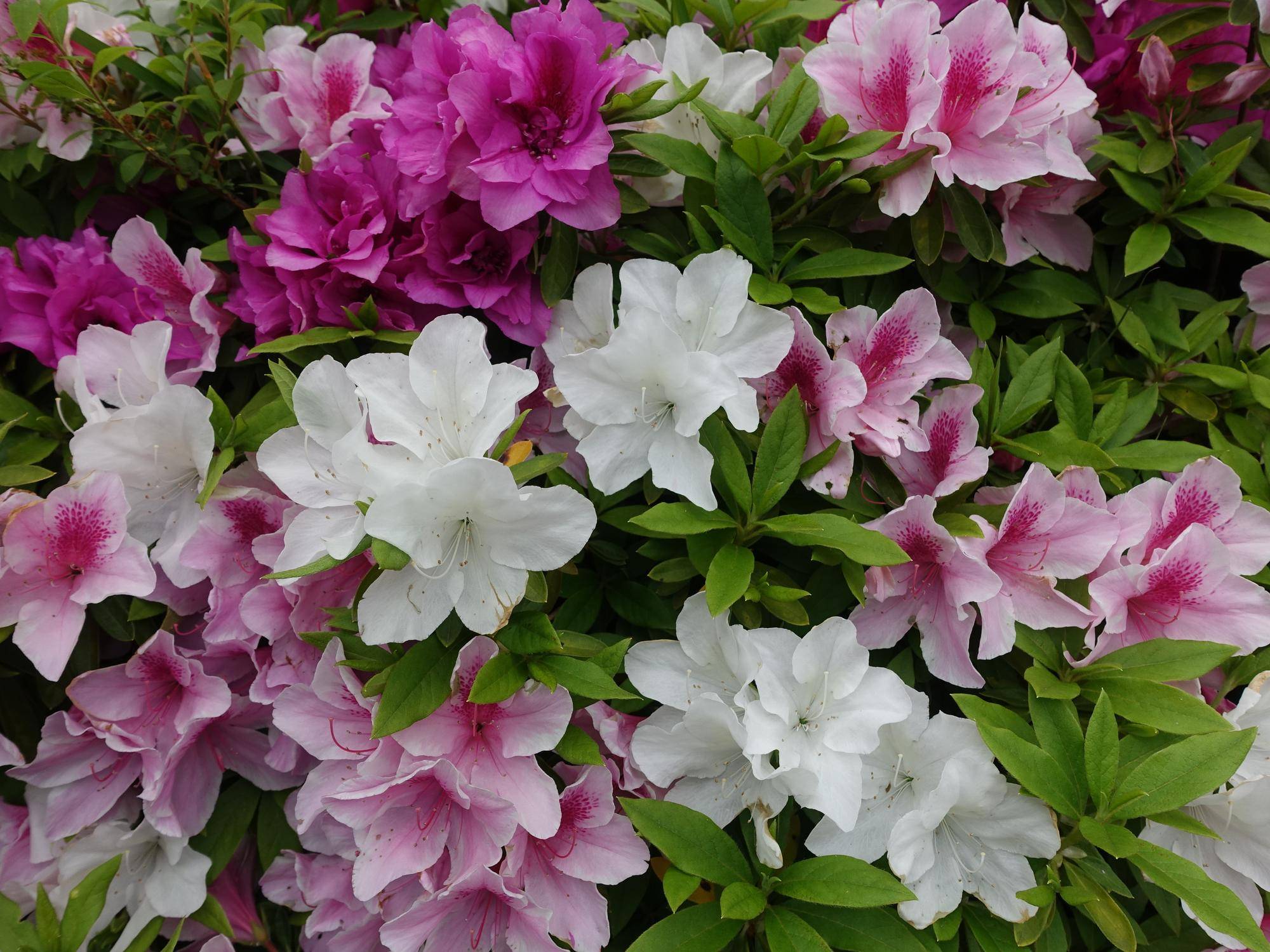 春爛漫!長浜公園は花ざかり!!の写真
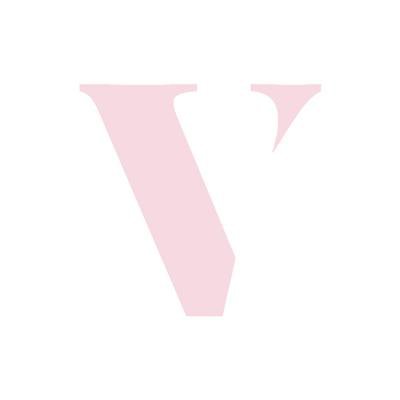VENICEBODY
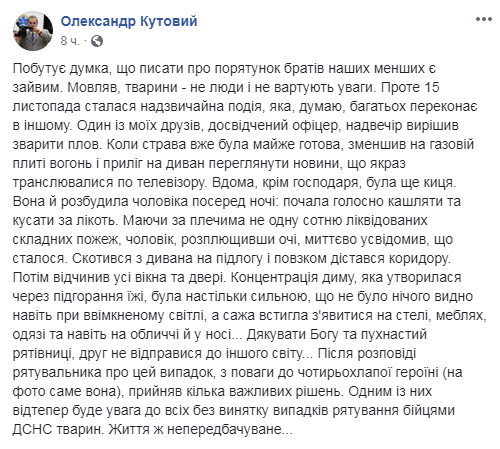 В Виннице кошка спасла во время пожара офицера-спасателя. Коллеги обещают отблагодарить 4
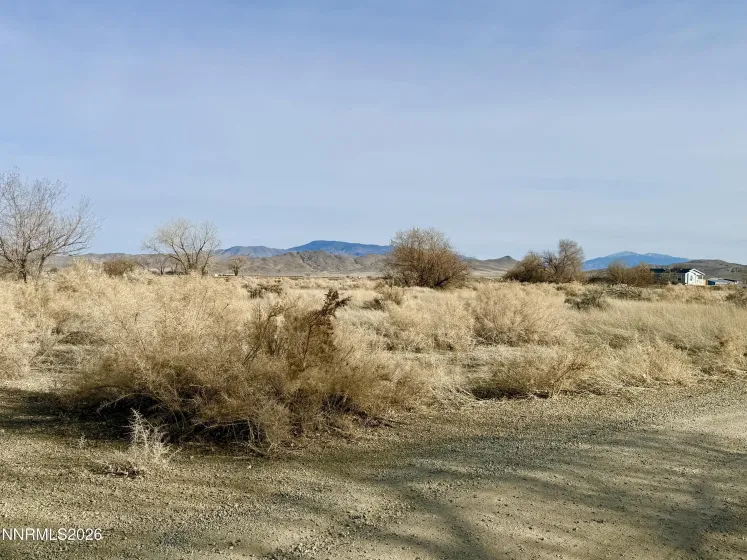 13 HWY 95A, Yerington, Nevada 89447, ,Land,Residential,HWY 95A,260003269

- **Task description**
Please return the material above unchanged, with every picture removed.

- **Solution**
 春爛漫!長浜公園は花ざかり!!の写真
VENICEBODY
 В Виннице кошка спасла во время пожара офицера-спасателя. Коллеги обещают отблагодарить 4
 13 HWY 95A, Yerington, Nevada 89447, ,Land,Residential,HWY 95A,260003269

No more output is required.